A riprova di questa identificazione è interessante notare come nel testo la bontà del vino è descritta dall’aggettivo kalós, «buono/bello», il medesimo utilizzato per descrivere la qualità di Gesù, buon pastore che realizza tutte le attese di Dio (10,1). L’abbondanza ed eccellenza del vino esprimono dunque l’abbondanza ed eccellenza del dono che Gesù è; il fatto che quel vino arrivi soltanto alla fine del banchetto svela che Gesù è veramente la «pienezza della grazia e della verità» (1,14). Gesù, la Parola fatta Carne, si gusta nell’acqua fatta vino. Quando l’ora di Gesù si compirà nella sua elevazione sulla croce, quel vino avrà il sapore della sua vita immolata per la nostra salvezza.

La seconda parte del v. 11 indica la ragione del segno: «i suoi discepoli credettero in/verso Lui». Mi sembra opportuno approfondire il significato di questo verbo che ricorre ben 98 volte nel quarto vangelo, dove è stranamente assente il sostantivo «fede». Credere per Giovanni non è uno stato, ma un processo dinamico. L’associazione costante con la preposizione eis (= verso) suggerisce la dinamicità della relazione: credere è rimanere nella relazione con una Parola che ci incontra, ci mette in discussione, si propone alla nostra accoglienza ed alla quale siamo chiamati a rispondere in un cammino di sequela perseverante.

In questa prospettiva comprendiamo il significato della presenza di Maria: essa non si sovrappone al figlio; è disposta a lasciargli il campo. Non conosce la risposta, ma continua a camminare nella fede, educando alla fiducia incondizionata nei confronti di Gesù. Per questo, nel v. 12 è ribadita la sua presenza quando i discepoli muovono i primi passi seguendo il Cristo. La precisazione del narratore, che essi rimasero a Cafarnao «pochi giorni», evita la chiusura della narrazione. Essa rimane sospesa verso un compimento che sarà offerto al lettore ai piedi della croce, quando Maria ritornerà al fianco dei discepoli, per essere offerta dal Figlio come Madre e custode dei credenti.

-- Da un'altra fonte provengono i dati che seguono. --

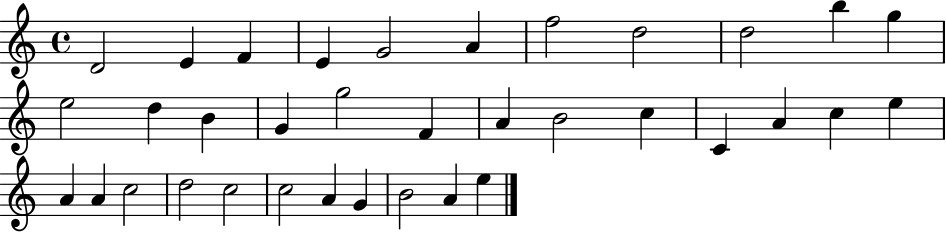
{
  \clef treble
  \time 4/4
  \defaultTimeSignature
  \key c \major
  d'2 e'4 f'4 | e'4 g'2 a'4 | f''2 d''2 | d''2 b''4 g''4 | \break e''2 d''4 b'4 | g'4 g''2 f'4 | a'4 b'2 c''4 | c'4 a'4 c''4 e''4 | \break a'4 a'4 c''2 | d''2 c''2 | c''2 a'4 g'4 | b'2 a'4 e''4 | \break \bar "|."
}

A Cana, dunque, Gesù crea il popolo dei suoi discepoli: essi sono la primizia della comunità messianica fondata nella relazione con Lui. Le parole della Madre sono una eco delle parole de popolo di Israele, quando ai piedi del monte Sinai accolse il dono della Legge: «Quanto il Signore ha detto noi lo faremo» (Es 19,8; 24,3.7). Pronunciando il suo Israele diviene la sposa del suo Dio: «Io stesi il lembo del mio mantello su di te…, giurai alleanza con te… e divenisti mia» (Ez 16,8). A Cana, la madre invita anche noi, comunità dei discepoli del Risorto, a percorrere la medesima strada, per divenire amici dello sposo (3,29) ed essere introdotti alla mensa nuziale (Ap 19,7-9).


  1. Si tratta di una inclusione.
  2. Nel linguaggio profetico il vino esalta l’ebbrezza dell’incontro sponsale (Os 2,2-24; Is 62,5.8.9). Un rilievo particolare è dato dall’esultanza radiosa dei tempi escatologici: quel giorno saranno allietati da un vino straordinariamente abbondante (Am 9,13-14; Ger 31,12; Gl 2,19.22.24), di qualità sopraffina (Os 14,8; Is 25,6; Zc 9,17) e di intensa gratuità (Is 55,1). Il Cantico dei Cantici utilizza ripetutamente la metafora del vino per dichiarare l’attrazione che l’Amato e l’Amata nutrono l’uno per l’altra (Ct 1,2.4; 2,4; 4,10; 5,1; 7,3.10; 8,2). La letteratura giudaica interpreta talora il vino come metafora della Torah (= Legge): per offrire un esempio, in un Targum di Ct 2,4 il monte Sinai è chiamato «cantina del vino».